AWS Machine Learning Blog

Fine-tuning a PyTorch BERT model and deploying it with Amazon Elastic Inference on Amazon SageMaker

Text classification is a technique for putting text into different categories, and has a wide range of applications: email providers use text classification to detect spam emails, marketing agencies use it for sentiment analysis of customer reviews, and discussion forum moderators use it to detect inappropriate comments.

In the past, data scientists used methods such as tf-idf, word2vec, or bag-of-words (BOW) to generate features for training classification models. Although these techniques have been very successful in many natural language processing (NLP) tasks, they don’t always capture the meanings of words accurately when they appear in different contexts. Recently, we see increasing interest in using Bidirectional Encoder Representations from Transformers (BERT) to achieve better results in text classification tasks, due to its ability to encode the meaning of words in different contexts more accurately.

Amazon SageMaker is a fully managed service that provides developers and data scientists the ability to build, train, and deploy machine learning (ML) models quickly. Amazon SageMaker removes the heavy lifting from each step of the ML process to make it easier to develop high-quality models. The Amazon SageMaker Python SDK provides open-source APIs and containers that make it easy to train and deploy models in Amazon SageMaker with several different ML and deep learning frameworks.

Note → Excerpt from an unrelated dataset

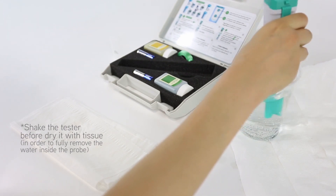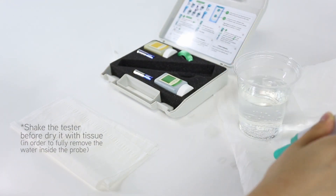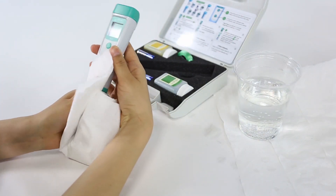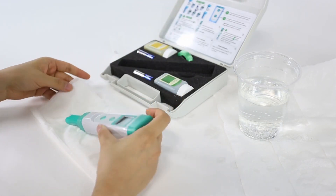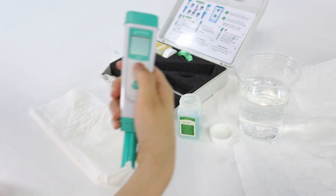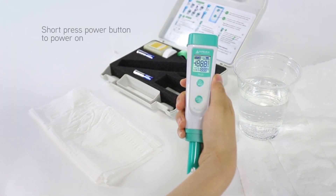Clean the probe in distilled water and dry it. Short press the power button to turn on the tester.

Our customers often ask for quick fine-tuning and easy deployment of their NLP models. Furthermore, customers prefer low inference latency and low model inference cost. Amazon Elastic Inference enables attaching GPU-powered inference acceleration to endpoints, which reduces the cost of deep learning inference without sacrificing performance.

This post demonstrates how to use Amazon SageMaker to fine-tune a PyTorch BERT model and deploy it with Elastic Inference. The code from this post is available in the GitHub repo. For more information about BERT fine-tuning, see BERT Fine-Tuning Tutorial with PyTorch.

What is BERT?

First published in November 2018, BERT is a revolutionary model. First, one or more words in sentences are intentionally masked. BERT takes in these masked sentences as input and trains itself to predict the masked word. In addition, BERT uses a next sentence prediction task that pretrains text-pair representations.

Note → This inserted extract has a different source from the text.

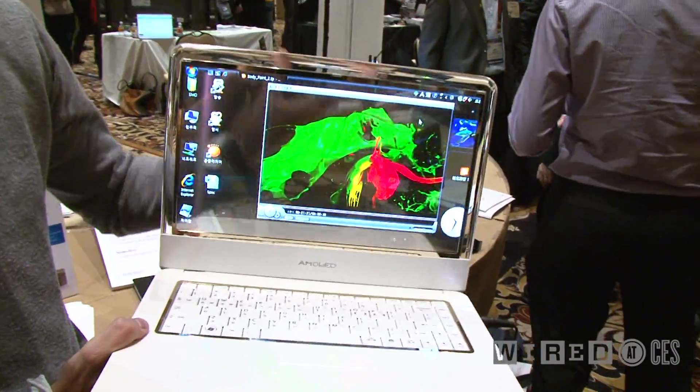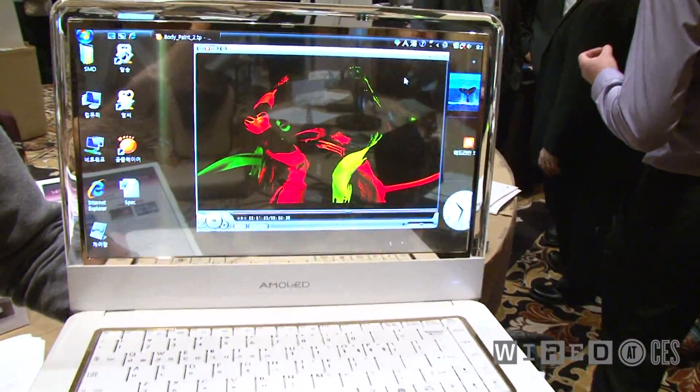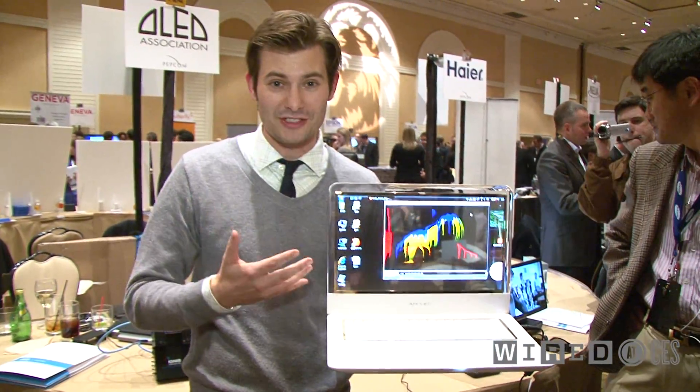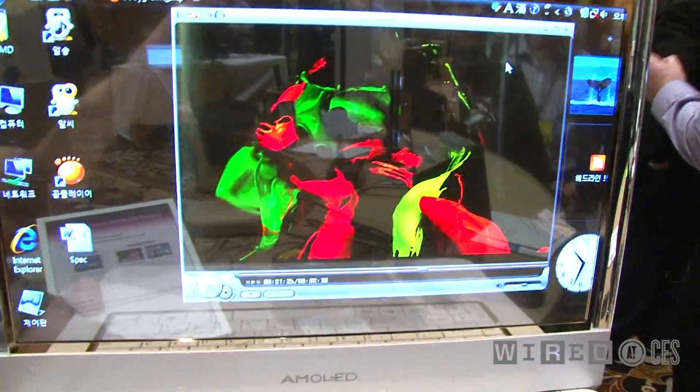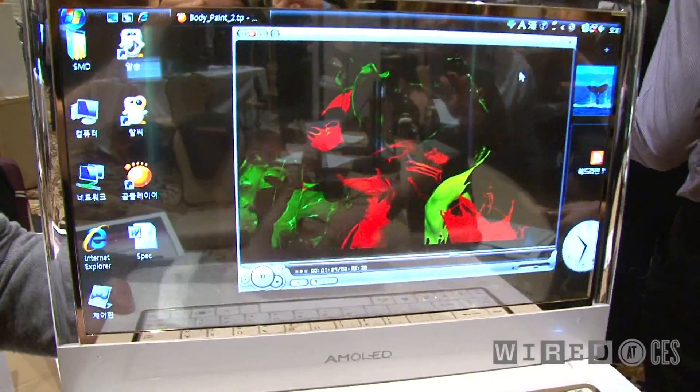If you turn it on, you get this. This is freaking amazing. This may look like a prop from Avatar, but it's not — this is real. You get a 100,000 to 1 contrast ratio. It's still transparent; you can see my hand moving in the background.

BERT is a substantial breakthrough and has helped researchers and data engineers across the industry achieve state-of-art results in many NLP tasks. BERT offers representation of each word conditioned on its context (rest of the sentence). For more information about BERT, see BERT: Pre-training of Deep Bidirectional Transformers for Language Understanding.

BERT fine-tuning

One of the biggest challenges data scientists face for NLP projects is lack of training data; you often have only a few thousand pieces of human-labeled text data for your model training. However, modern deep learning NLP tasks require a large amount of labeled data. One way to solve this problem is to use transfer learning.

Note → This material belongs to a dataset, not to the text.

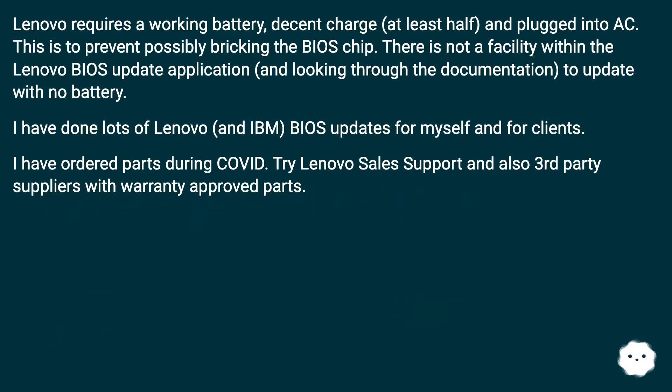Lenovo requires a working battery with decent charge — at least half — and plugged into AC. This is to prevent possibly breaking the BIOS chip. There is no facility within the Lenovo BIOS update application, and looking through the documentation, there is no option to update with no battery.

Transfer learning is an ML method where a pretrained model, such as a pretrained ResNet model for image classification, is reused as the starting point for a different but related problem. By reusing parameters from pretrained models, you can save significant amounts of training time and cost.

BERT was trained on BookCorpus and English Wikipedia data, which contains 800 million words and 2,500 million words, respectively [1]. Training BERT from scratch would be prohibitively expensive. By taking advantage of transfer learning, you can quickly fine-tune BERT for another use case with a relatively small amount of training data to achieve state-of-the-art results for common NLP tasks, such as text classification and question answering.

Solution overview

In this post, we walk through our dataset, the training process, and finally model deployment.

We use an Amazon SageMaker notebook instance for running the code. For more information about using Jupyter notebooks on Amazon SageMaker, see Using Amazon SageMaker Notebook Instances or Getting Started with Amazon SageMaker Studio.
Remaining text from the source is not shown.